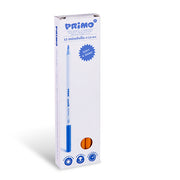 Matite colorate Primo Minabella - ARANCIO CHIARO - mina 3,8 mm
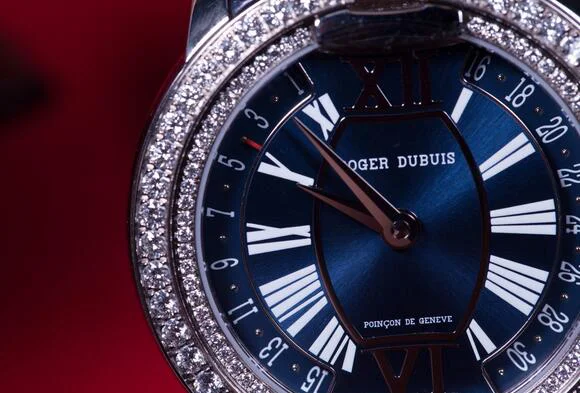 ロジェデュブイ RDDBVE0058 スーパーコピー 時計[1]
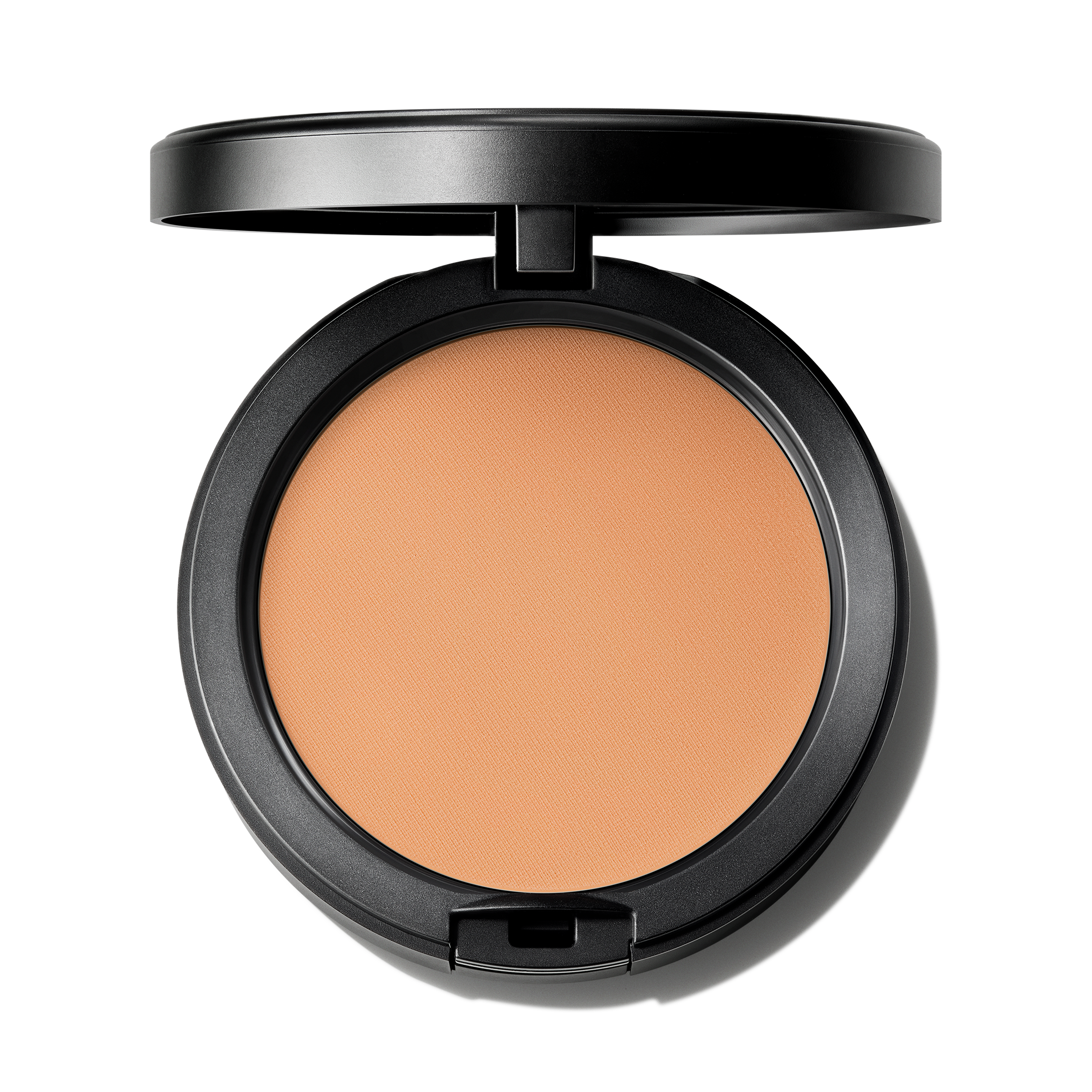 New Studio Fix Powder Plus Foundation for Everyday Wear and even looking coverage
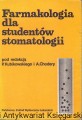 farmakologia dla PZWL.jpg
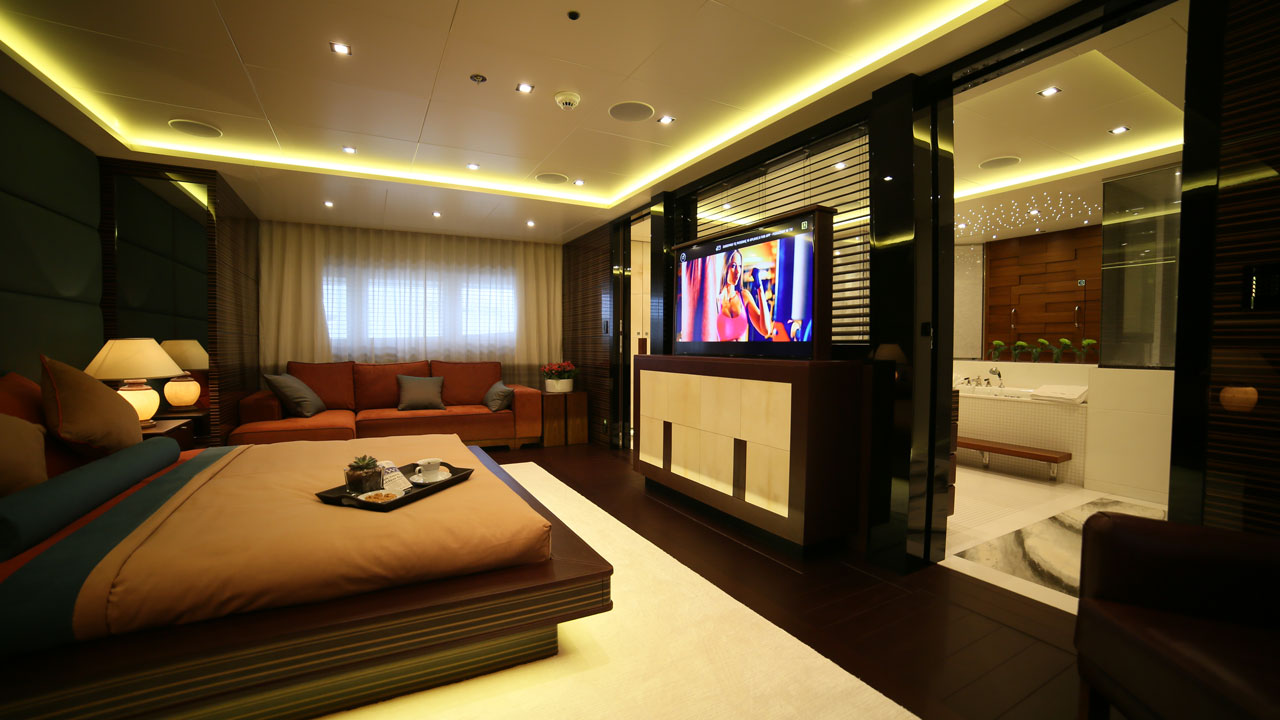 double cabin with tv.jpg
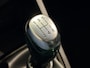 Renault Clio 90PK TCe Intens | Camera | Parkeersensoren | Lichmetalen Velgen | Climate Control | Cruise Control | Licht & Regensenor | Armsteun | Full LED | Keyless Entry |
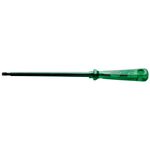 chave-de-fenda-tramontina-pro-44115024-316x8-isolada-easygrip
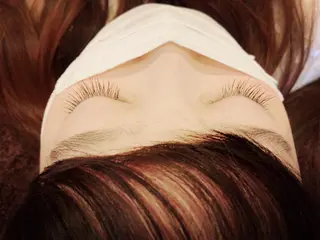 マツエク・マツパ 🦋Dio...川越 MINAKI🦋のマツエク・マツパデザイン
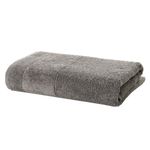 17392-28965-2346-Toalha-Banhao-Dohler-Confort-FJ-7661-Grafite-90x150cm-1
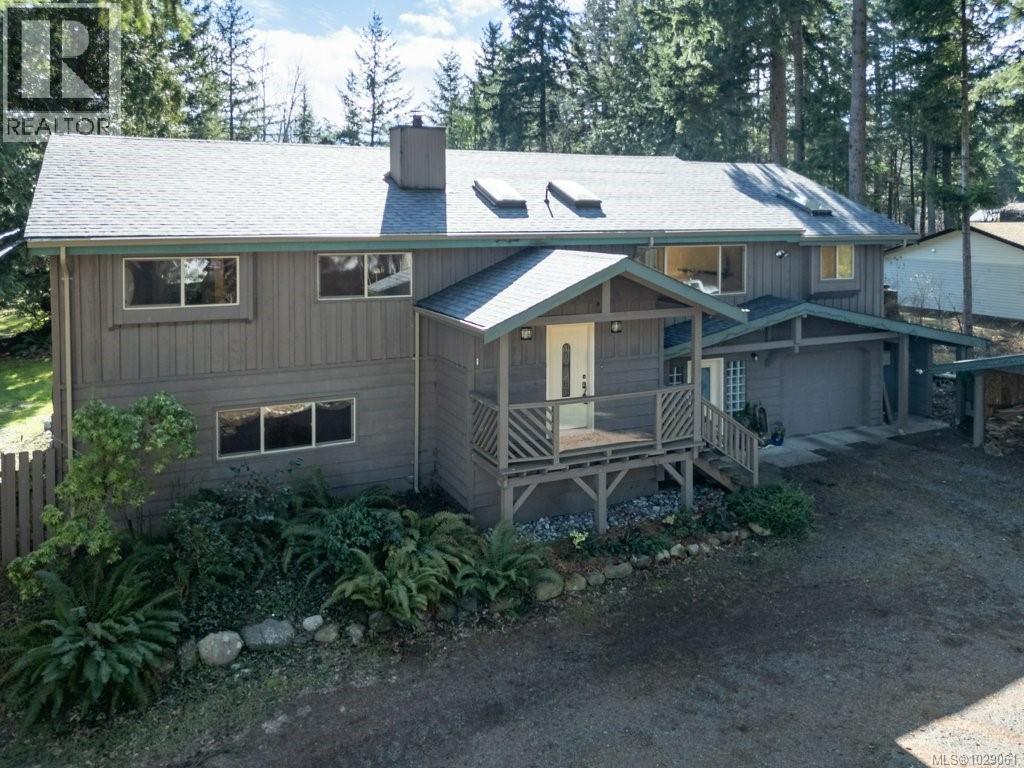 1931 Thurber Rd, Comox, British Columbia  V9M 3Z5 - Photo 62 - 1029061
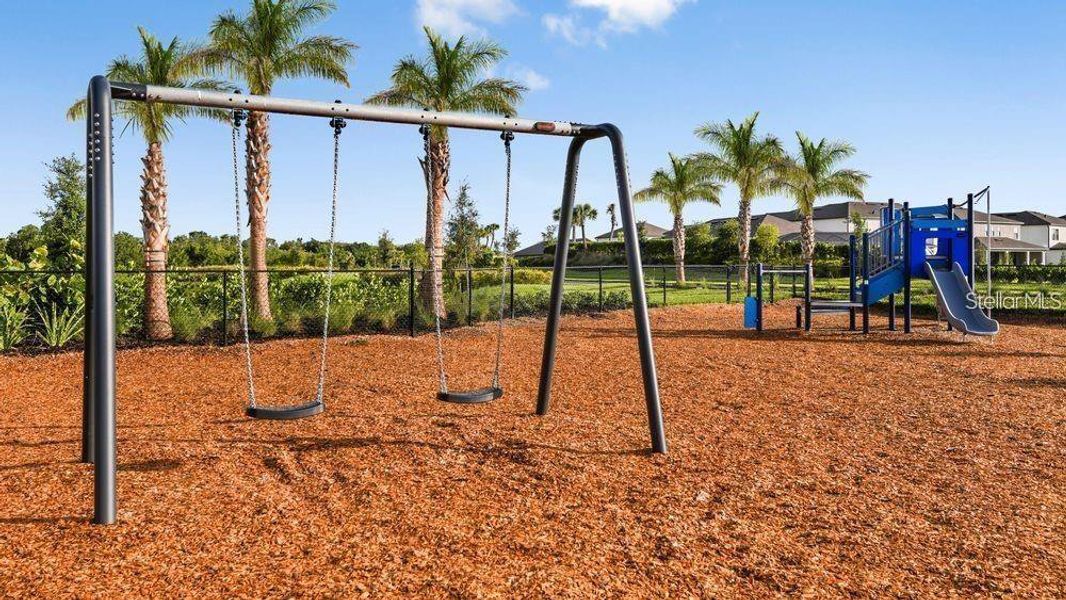 Community amenities in , Sarasota (Image 38).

* [Assignment] Extract, word for word, every line from the one holding "double cabin with tv.jpg" through the closing line of the data above. Do not include any pictures.

* [Task response]
 double cabin with tv.jpg
 Renault Clio 90PK TCe Intens | Camera | Parkeersensoren | Lichmetalen Velgen | Climate Control | Cruise Control | Licht & Regensenor | Armsteun | Full LED | Keyless Entry |
 chave-de-fenda-tramontina-pro-44115024-316x8-isolada-easygrip
 マツエク・マツパ 🦋Dio...川越 MINAKI🦋のマツエク・マツパデザイン
 17392-28965-2346-Toalha-Banhao-Dohler-Confort-FJ-7661-Grafite-90x150cm-1
 1931 Thurber Rd, Comox, British Columbia  V9M 3Z5 - Photo 62 - 1029061
 Community amenities in , Sarasota (Image 38).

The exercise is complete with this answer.